[SOURCE MATERIAL — start]

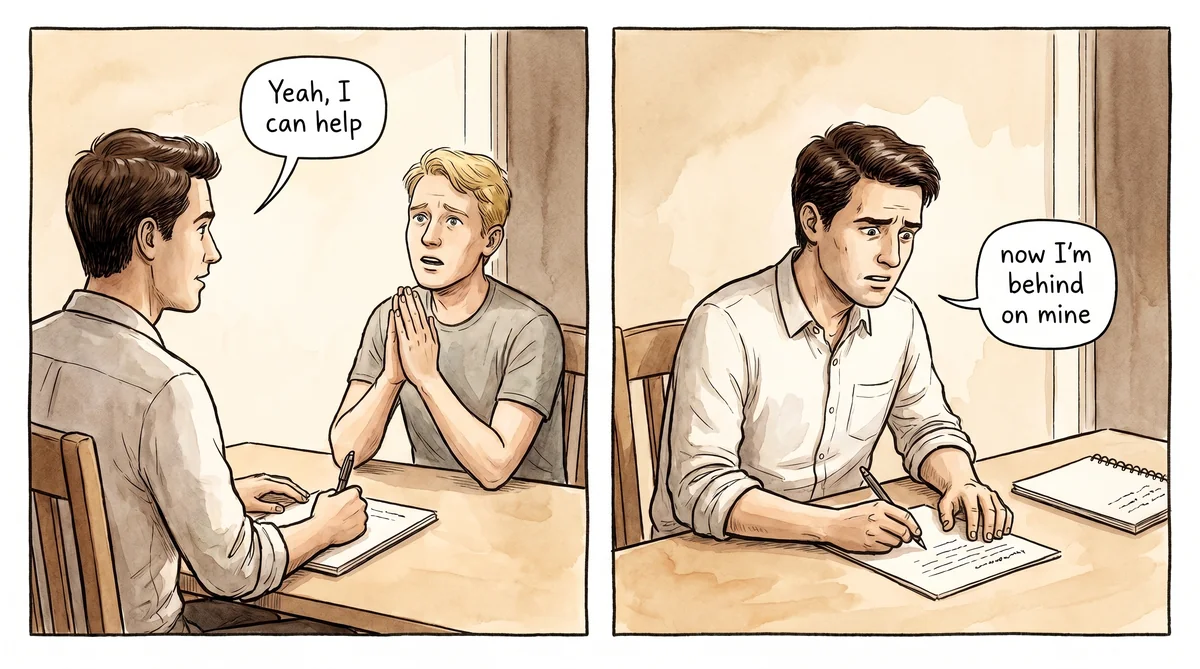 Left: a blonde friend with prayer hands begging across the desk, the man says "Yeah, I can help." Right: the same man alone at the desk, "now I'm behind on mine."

[SOURCE MATERIAL — finish]
[SOURCE MATERIAL — start]

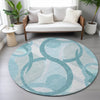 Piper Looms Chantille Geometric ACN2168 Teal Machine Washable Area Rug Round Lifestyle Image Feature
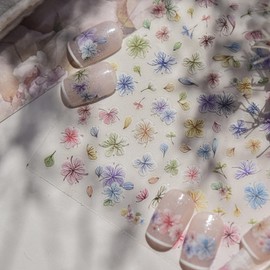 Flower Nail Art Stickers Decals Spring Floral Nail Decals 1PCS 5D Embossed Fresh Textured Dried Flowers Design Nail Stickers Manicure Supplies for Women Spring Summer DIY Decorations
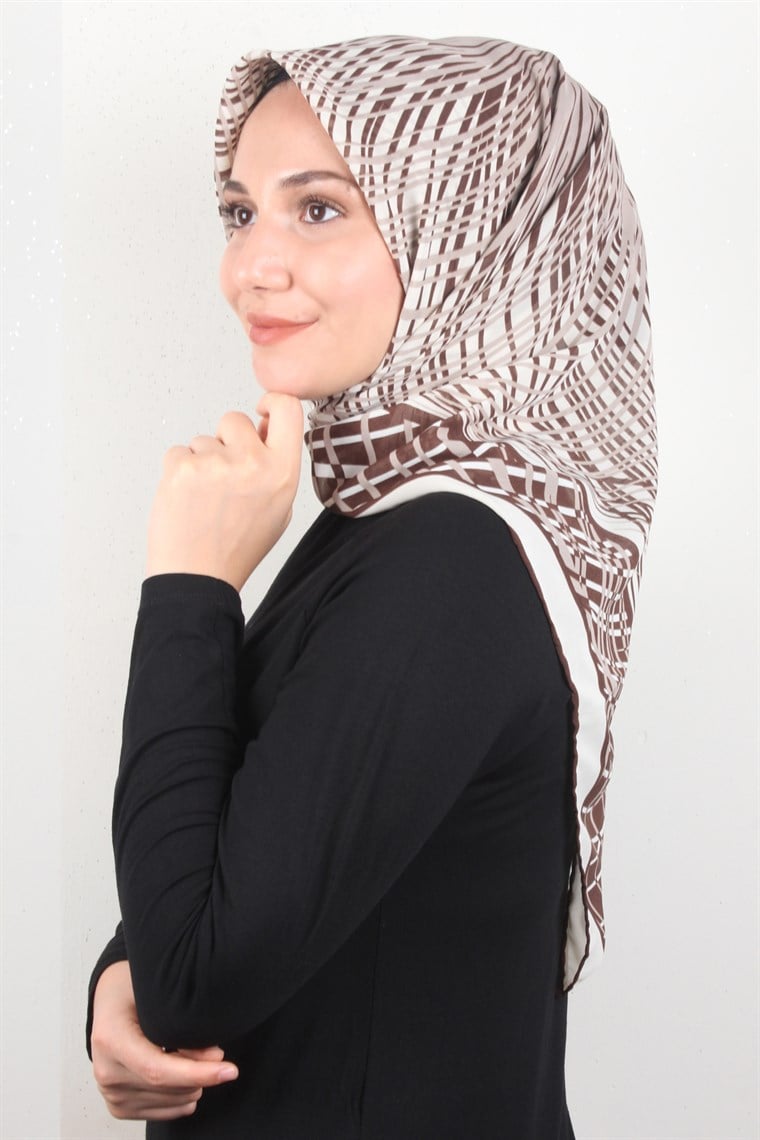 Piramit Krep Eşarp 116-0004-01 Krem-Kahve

[SOURCE MATERIAL — finish]
[SOURCE MATERIAL — start]

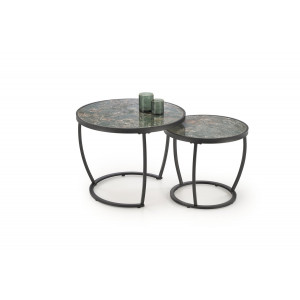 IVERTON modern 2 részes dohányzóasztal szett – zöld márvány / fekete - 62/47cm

[SOURCE MATERIAL — finish]

WHAT TO DO ▸ Using the listing above, reproduce word for word every line from the one containing "Flower Nail Art" through the one containing "Piramit Krep Eşarp 116-0004-01 Krem-Kahve". Pictures must be left out.

OUTPUT OF THE TASK ▸
 Flower Nail Art Stickers Decals Spring Floral Nail Decals 1PCS 5D Embossed Fresh Textured Dried Flowers Design Nail Stickers Manicure Supplies for Women Spring Summer DIY Decorations
 Piramit Krep Eşarp 116-0004-01 Krem-Kahve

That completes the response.